The CFPB's Proposed Rules on Consumer Financial Arbitration

05/09/16

As has been expected for some time, the Consumer Financial Protection Bureau has issued a proposed rule that would prohibit companies providing consumer financial services from pairing arbitration clauses with clauses that prohibit consumers from bringing or participating in class actions. The rule also imposes disclosure requirements on companies that use arbitration. The CFPB's announcement is here; the proposed rule is here. There are two main components.
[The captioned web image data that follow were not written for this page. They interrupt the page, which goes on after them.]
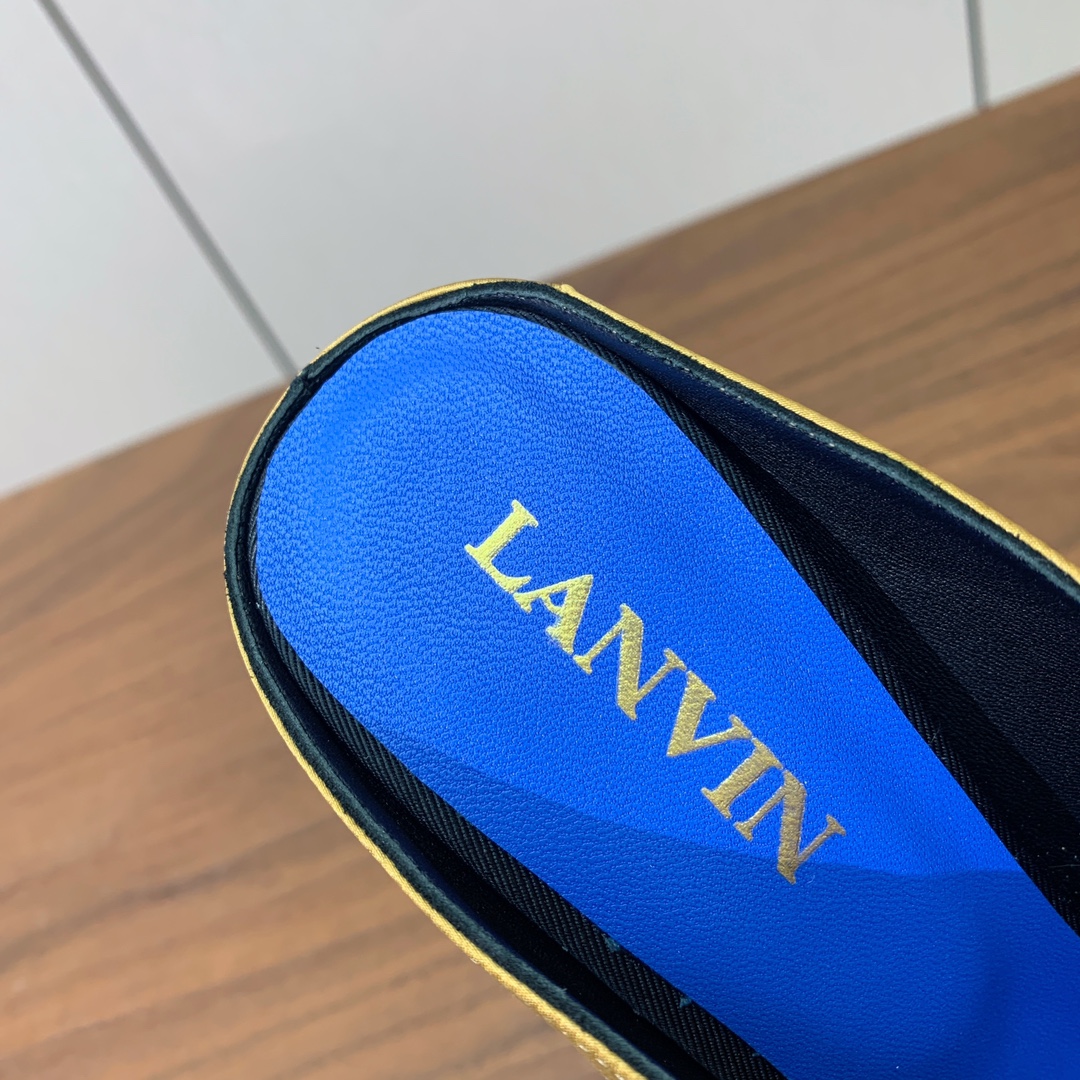 【Lanvin】高跟拖鞋。优雅风格、创造不一样的感觉。鞋面真丝、开边珠。羊皮垫脚，真皮大底。跟高10cm
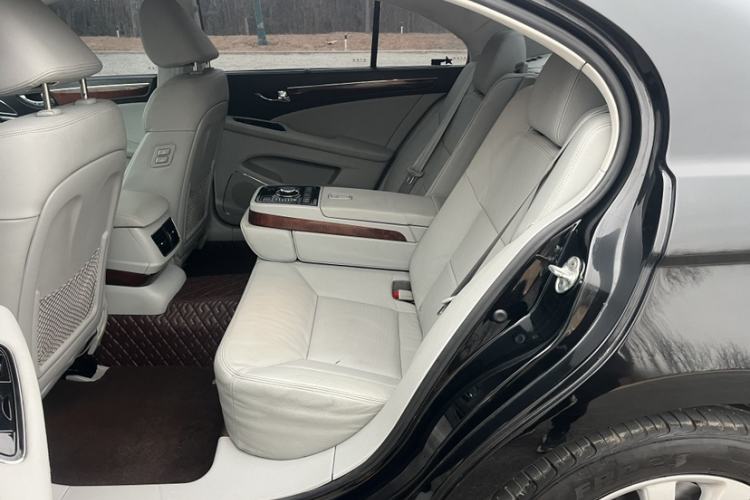 Used Hongqi H7 2013 2.0T Luxury Model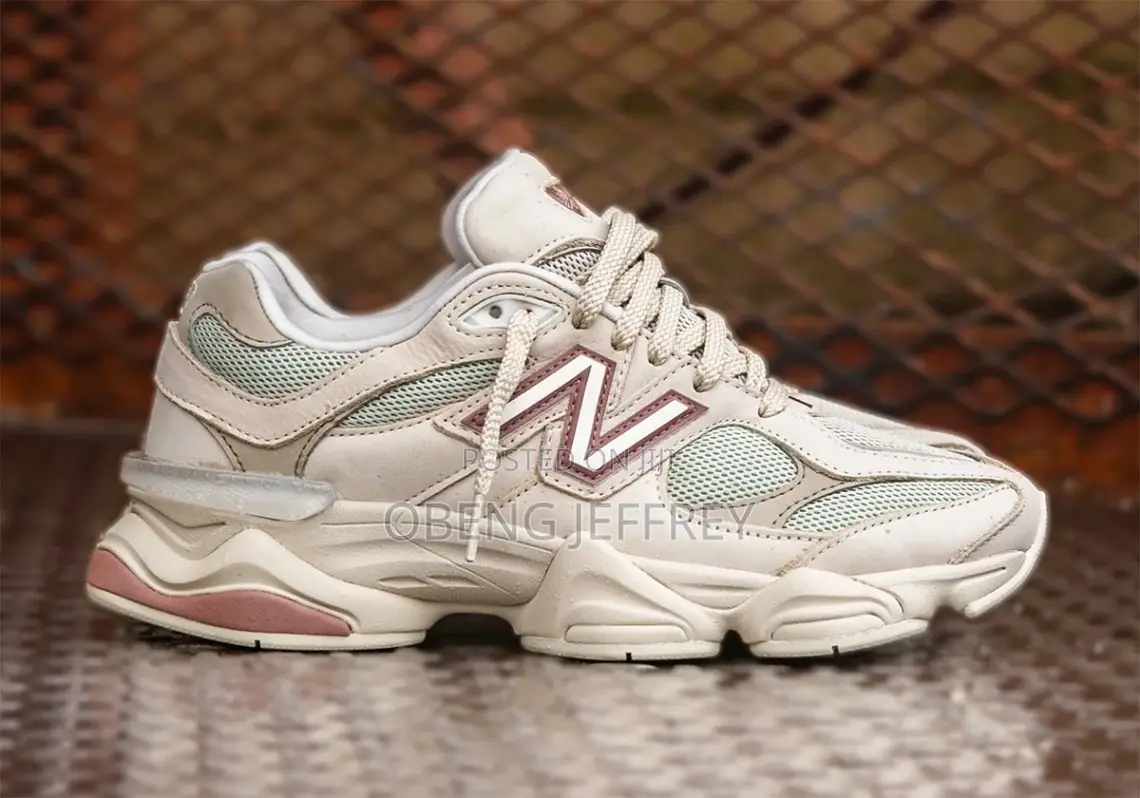 Original New Balance 9060 Bone Sparrow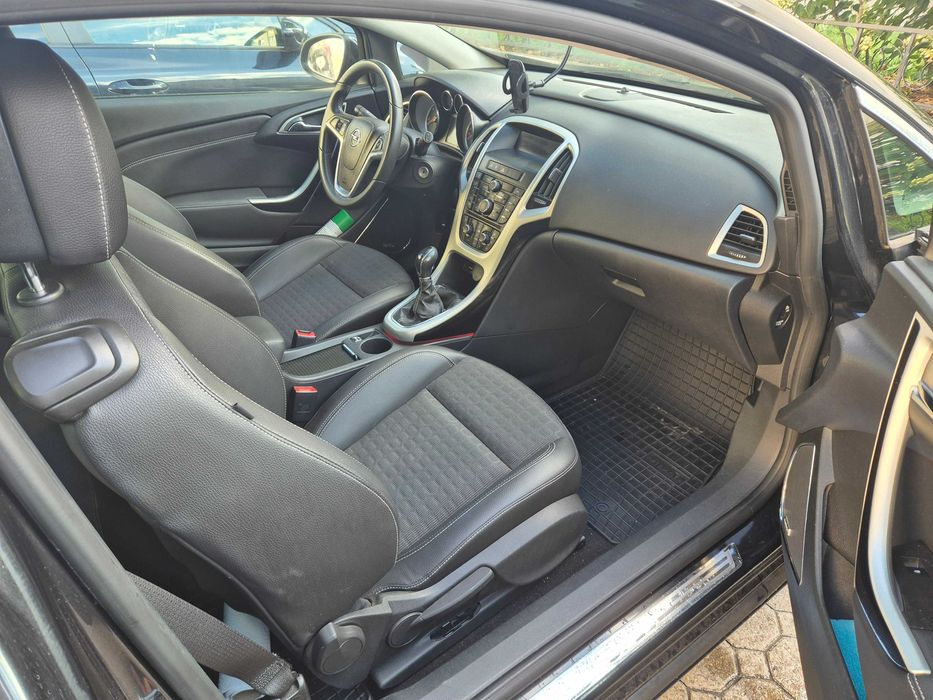Opel Astra GTC  2.0 cdti 165 km okazja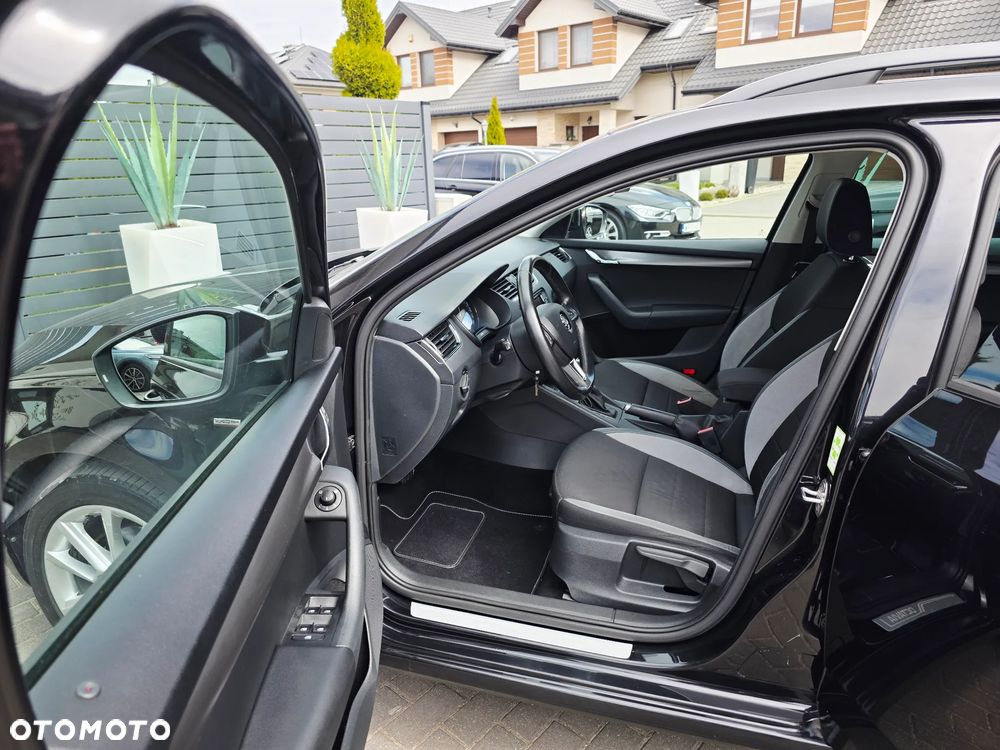Skoda Octavia 1.6 TDI (Green tec) DSG Joy - 12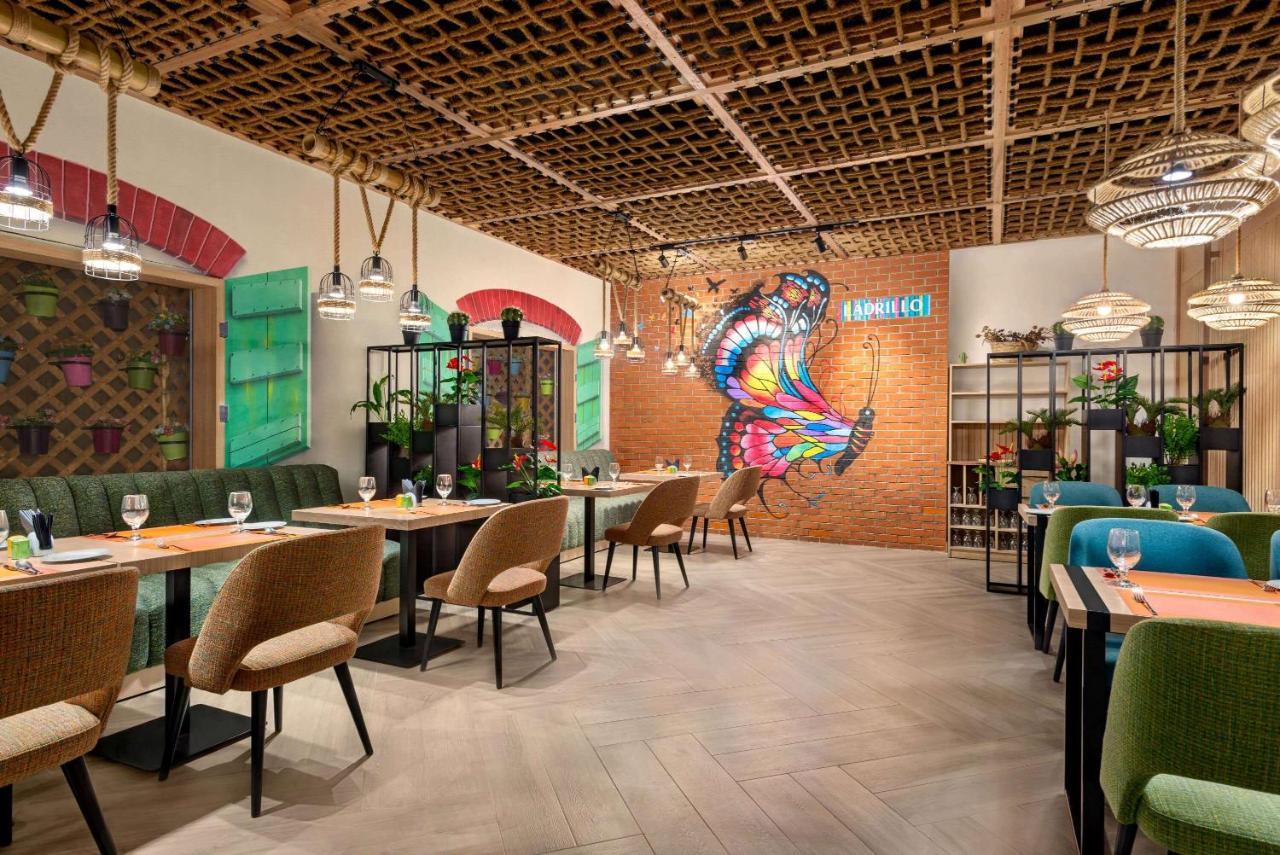La Quinta By Wyndham Dubai Jumeirah Eksteriør billede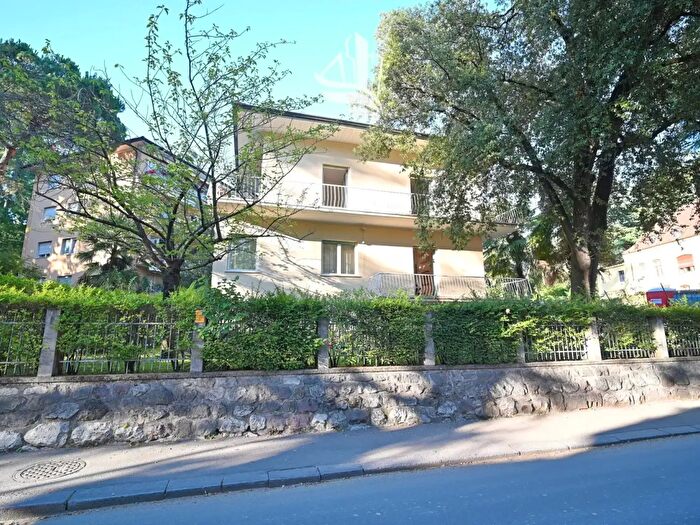 Casa con 6 locali in vendita in Via Winkel, Merano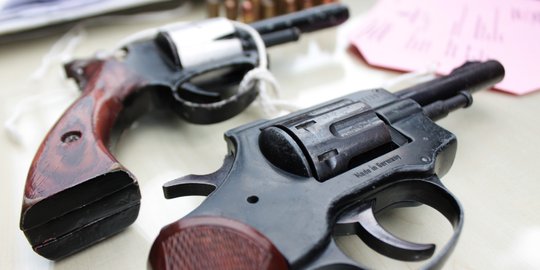 Ahok: Pistol revolver polisi sering macet, diganti saja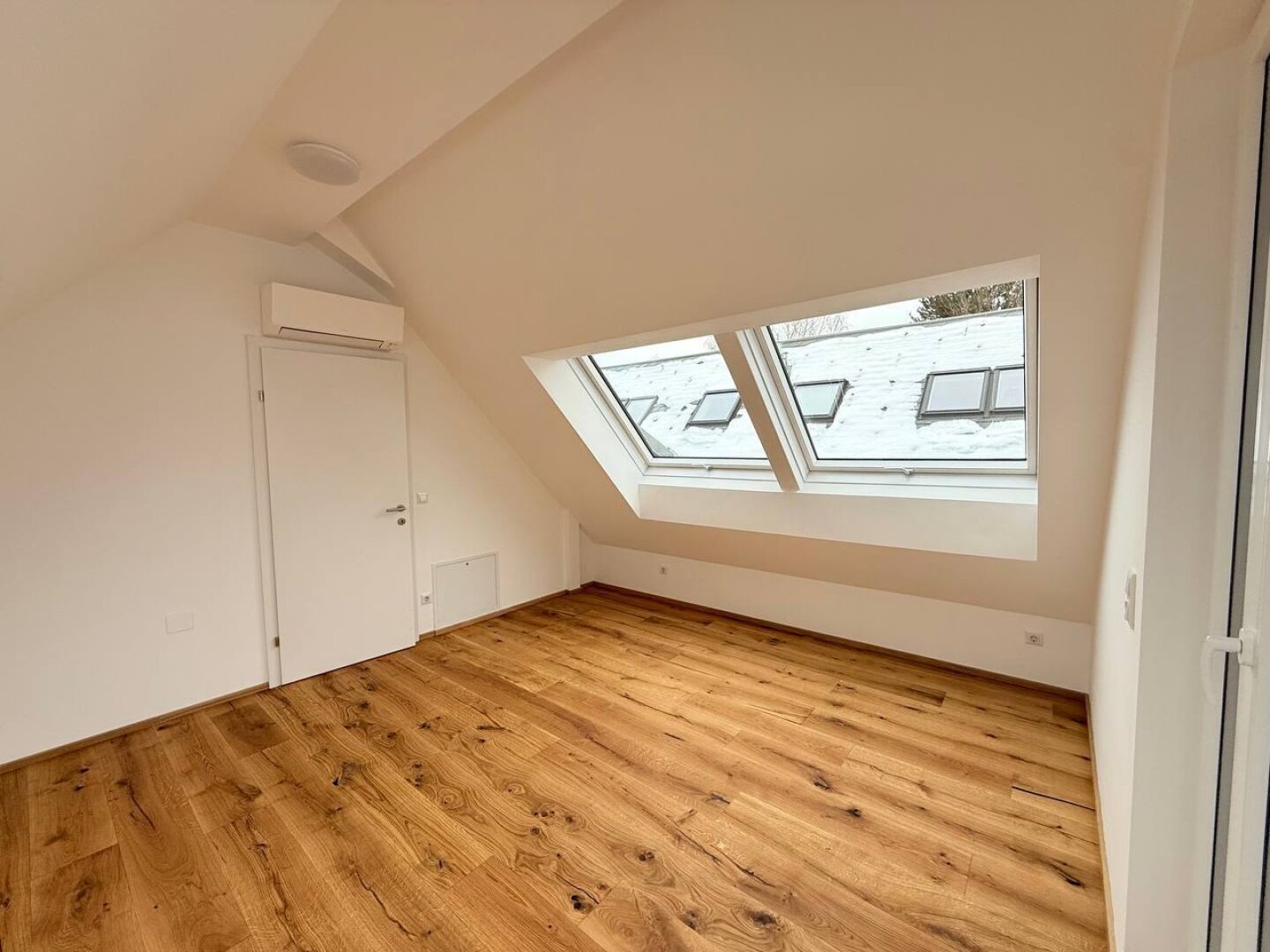 HOCHWERTIGE DOPPELHAUSHÄLFTE MIT GARTEN - STELLPLÄTZE - KELLER IN TRAUMHAFTER LAGE!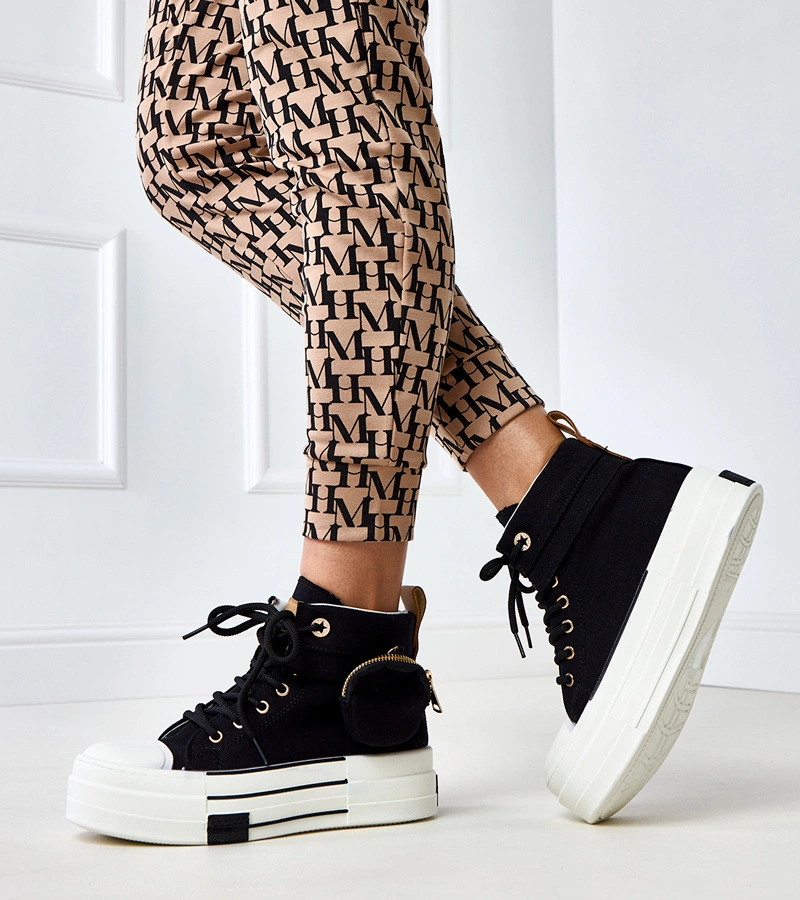 Fekete magas talpú tornacipő táskával Yaren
First, covered providers of consumer financial products can still include pre-dispute arbitration clauses in their contracts, but those who do must explicitly state that the consumer retains the right to bring or participate in a judicial class action. The rule requires that the following language be included in the contract: "We agree that neither we nor anyone else will use this agreement to stop you from being part of a class action case in court. You may file a class action in court or you may be a member of a class action even if you do not file it." (As an aside, the CFPB rule only applies to class actions brought in court. Companies may forbid class action proceedings in arbitration, and I imagine that careful drafters will want to do so expressly.) Second, the Bureau proposes to require covered providers to submit information about claims filed by or against them in arbitration, including copies of the arbitration demand, any response, and the arbitrator's award (see p. 362-363 of the proposal). The Bureau apparently hasn't made up its mind about whether it will make this information public or will merely use it to monitor arbitration proceedings.